TASK PROMPT: Give an exact reproduction of the lines from the one with "象牙多層球 | 象牙と石の彫刻美術館～ジュエルピア～" to the final line of the entries below, both ends included, and omit the pictures.

(Crawled caption data)
★ ★ ★ ★ ★ ★ ★

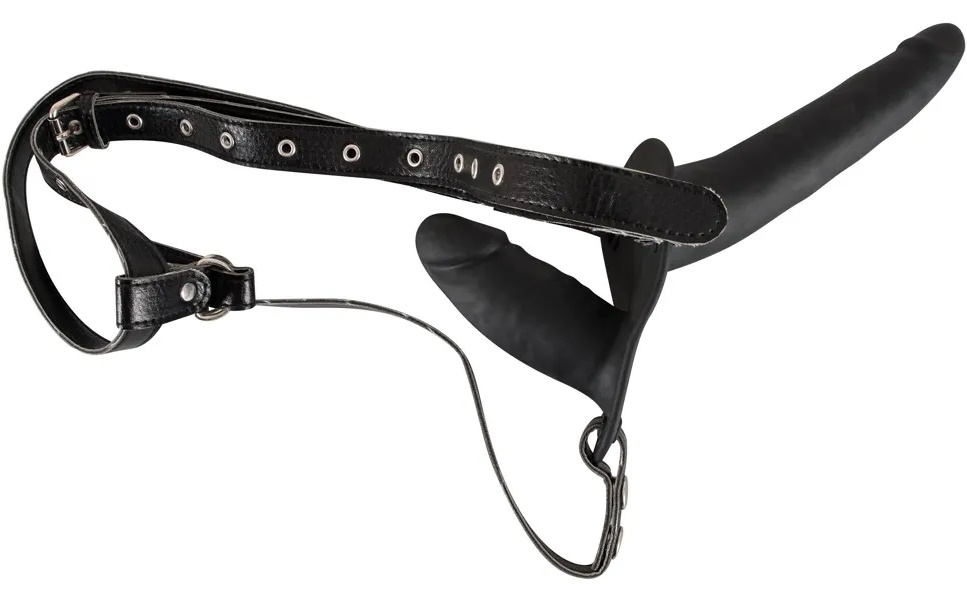 Фото Orion, Германия Двойной страпон черного цвета Double Strap On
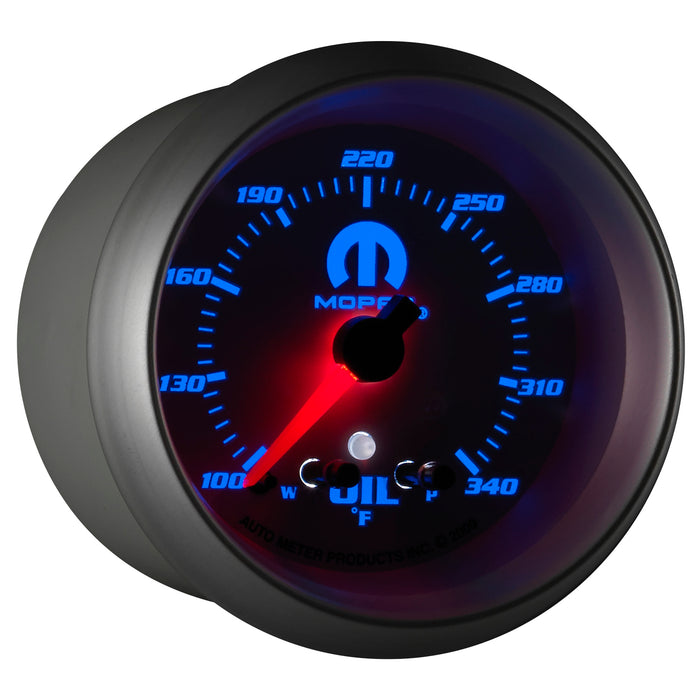 AutoMeter 880251 GAUGE; OIL TEMP; 2 5/8in.; 340deg.F; STEPPER MOTOR W/PEAK/WARN; WHITE; MOPAR - Truck Part Superstore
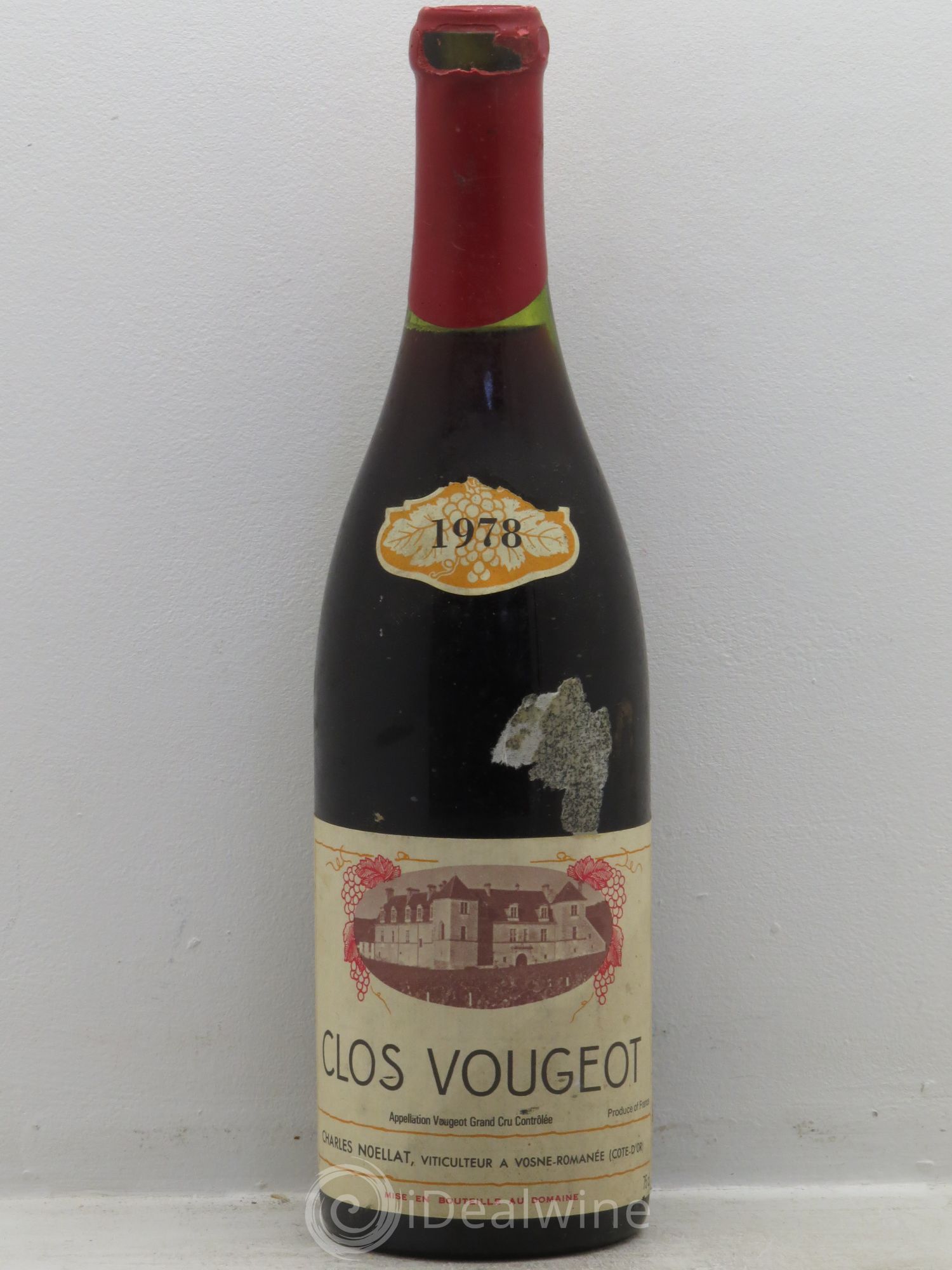 Clos de Vougeot Grand Cru Charles Noëllat 1978 - Posten von 1 Flasche - 0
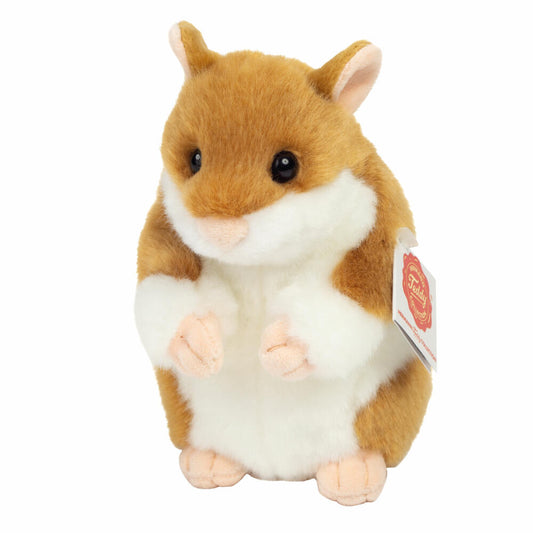 Teddy Hermann Hamster, Kuscheltier, Stofftier, Plüschtier, Haustier, Plüsch, Beige / Weiß, 16 cm, 926580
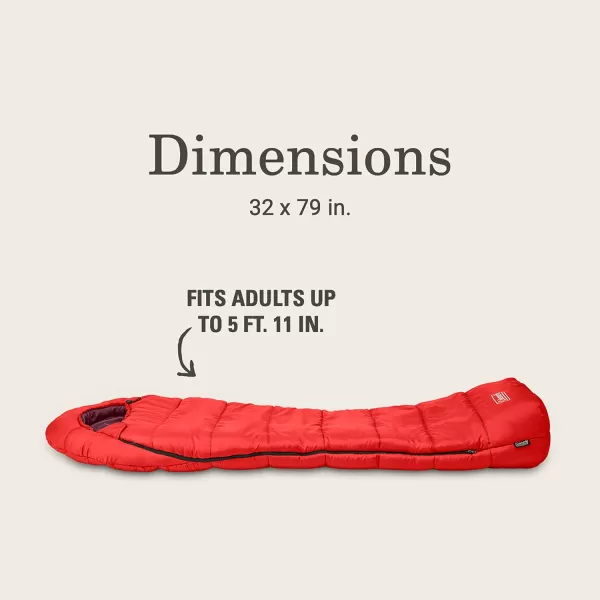 Coleman Tidelands Mummy Sleeping Bag, Cool-Weather 30°F/40°F/50°F Camping Sleeping Bag for Adults with Insulation, Heat Retention, and Easy-Zip, Big &amp; Tall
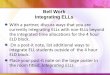 Bell Work Integrating ELLs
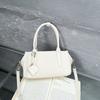 Fashion Retro Shoulder Women'S Bag Genuine Leather Natural Fall Cowhide Boston Bag Commuter Underarm Bag Handbag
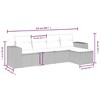 vidaXL 6 Piece Patio Sofa Set with Cushions Poly Rattan - 4 of 4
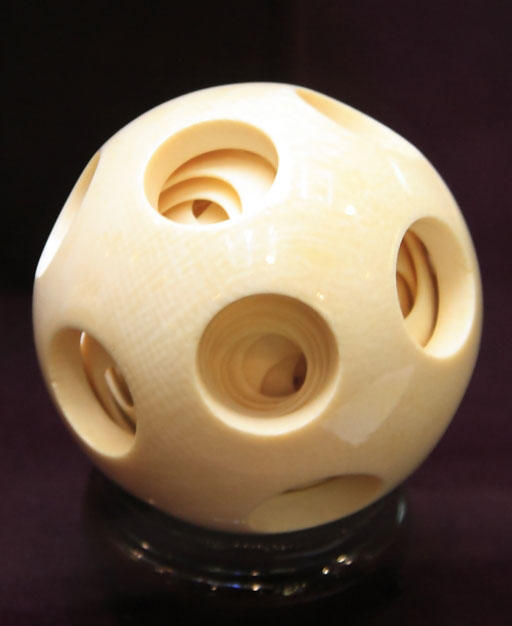 象牙多層球 | 象牙と石の彫刻美術館～ジュエルピア～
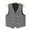 Grey, variant on Stylish Boys Formal Suit Vest Double Design Four Button Closure Versatile Attire for for Weddings and Parties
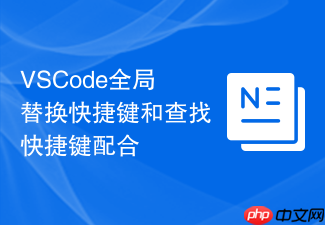 vscode全局替换快捷键和查找快捷键配合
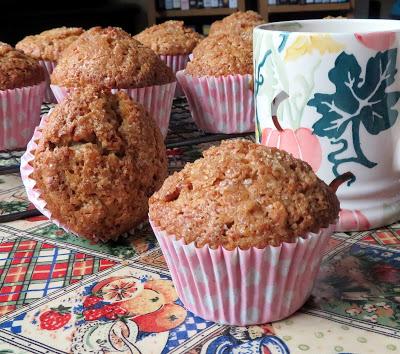 Crunchy Topped Maple Walnut Oatmeal Muffins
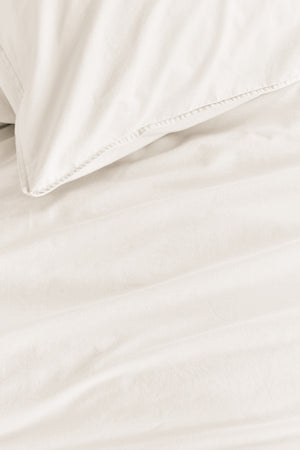 Dekbedovertrek Linolux Washed Cotton White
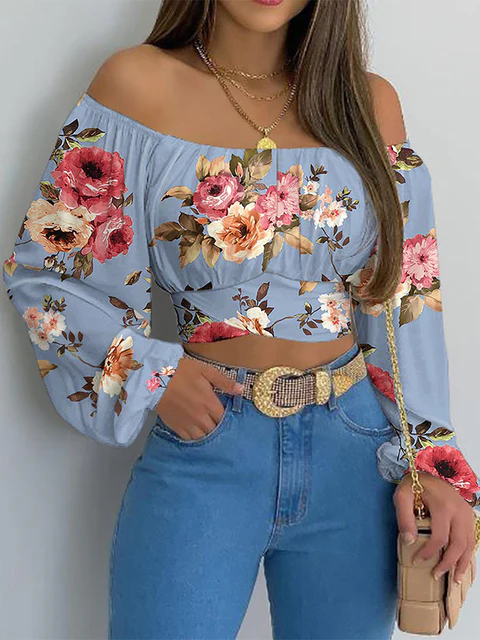 Blouse Femme Élégante en Blanc avec Manches Longues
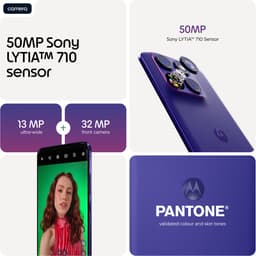 Motorola Edge 70 Fusion 5G - 256GB - Blauw — thumbnail 2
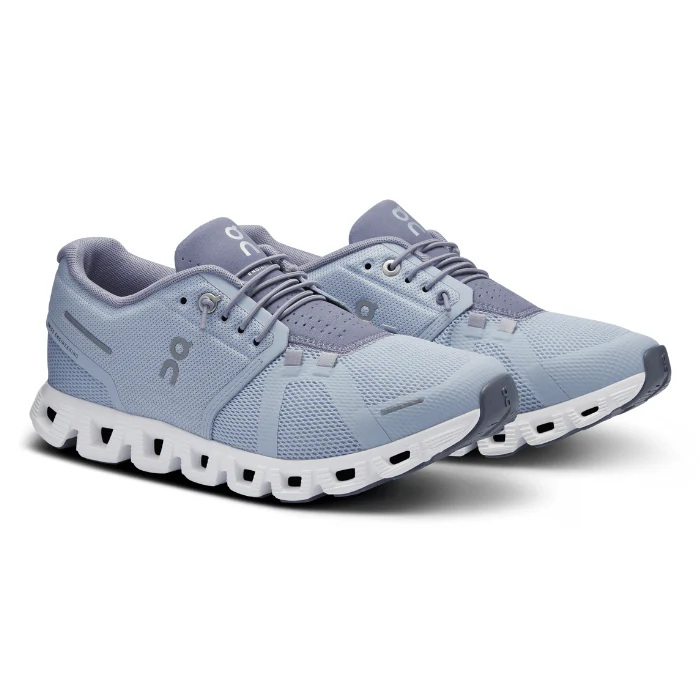 On Running Cloud 5 Women's Heather Fossil - Image 3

★ ★ ★ ★ ★ ★ ★

OUTPUT OF THE TASK:
 象牙多層球 | 象牙と石の彫刻美術館～ジュエルピア～
 Grey, variant on Stylish Boys Formal Suit Vest Double Design Four Button Closure Versatile Attire for for Weddings and Parties
 vscode全局替换快捷键和查找快捷键配合
 Crunchy Topped Maple Walnut Oatmeal Muffins
 Dekbedovertrek Linolux Washed Cotton White
 Blouse Femme Élégante en Blanc avec Manches Longues
 Motorola Edge 70 Fusion 5G - 256GB - Blauw — thumbnail 2
 On Running Cloud 5 Women's Heather Fossil - Image 3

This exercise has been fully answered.